Armada, armazena tocaias e arapucas. Foge. Esnobe, manda e desmanda. E sangra, e escorre, e grita - estapeia(-se?). Minimiza – máxima - e, tácita, entreolha ácida o que nunca foi. Assim, alheia, desmancha, deteriora -  em-pó-(p)rece. E chora – implora - se faz falta, evapora. Ela ama! Ah! É toda cama - ama como nunca na vida amou! Mas já é ontem quando o sol desiste. E ela sabe. E invalida, inválida. E insiste, arrasta o nunca, empurra, afasta. E se arranha inteira - metade arrancada. Não cabe! Ainda assim, buraco dentro – fenda, ferida funda - nunca cabe o que se ausenta. É um tanto de peito inteiro - é vácuo. É receio, névoa, neve derretida. Ela é partida. Sem linha de chegada, desejo: o suspenso etéreo desejo de um primeiro - e último! - beijo.
Sylvia Araujo

sábado, 8 de janeiro de 2011

Entredentes

Aquela boca - admirável talho carnudo engolidor de nuncas. Jamais me permiti o destempero de dizer nunca àquela boca, sendo. Ela é - inteira ela, e sempre, a boca - um corpo inteiro em arrepio etéreo, um quase-incêndio, fogo entredentes. Um mundo vivo e pulsante, a se dissolver lentamente no acentuado côncavo daquele céu - não há estrelas, mas mel.

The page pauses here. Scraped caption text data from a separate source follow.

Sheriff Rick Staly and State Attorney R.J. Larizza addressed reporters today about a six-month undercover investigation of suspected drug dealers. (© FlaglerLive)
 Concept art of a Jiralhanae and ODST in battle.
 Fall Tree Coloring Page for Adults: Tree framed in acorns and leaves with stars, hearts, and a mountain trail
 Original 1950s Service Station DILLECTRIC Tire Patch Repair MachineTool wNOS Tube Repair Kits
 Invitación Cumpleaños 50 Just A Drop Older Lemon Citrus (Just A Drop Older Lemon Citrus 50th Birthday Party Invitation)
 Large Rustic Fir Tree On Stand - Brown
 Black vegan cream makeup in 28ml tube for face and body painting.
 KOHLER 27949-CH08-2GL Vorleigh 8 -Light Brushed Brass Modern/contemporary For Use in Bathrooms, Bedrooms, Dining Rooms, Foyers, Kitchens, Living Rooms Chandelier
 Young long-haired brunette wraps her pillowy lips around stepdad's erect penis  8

Traz consigo, tatuada entre os talhos ressecados pelas jornadas de excessos - beijados por seus fartos pelos de aurora - a réstia de um beijo, eu sei. E o brilho pegajoso das máximas urgências que construíram ninho, ao longo dos anos, em sua delicada fenda rosada. Todos os dias ela amanhece em fresta, e se faz de ontens. Mas é inteira amanhãs, em mim.

Seu canto me enluara. Faz do meu sertão flor da pele, lua – inteira nua - por entre as nuvens fartas. E arrasta consigo - debruçado no contorno sutil dos lábios entreabertos - o resto das noites brancas em que me escorreu, entregue. Ainda que haja luz, abraça com a ponta da língua o sal dos escuros da chuva. Ela chove, a boca. É relâmpago, raio, trovão – alto-mar bravio, em zanga de furiosas águas. E sorrindo, - bonita sabedora de seus tantos encantos - ensolara, gargalha e geme, como quem esteve sempre vivendo ou sangrando.

A mando de dentro, brota. Em gotas. E – em inevitável destino-caminho – se encarrega, sozinha, de virar rio aqui.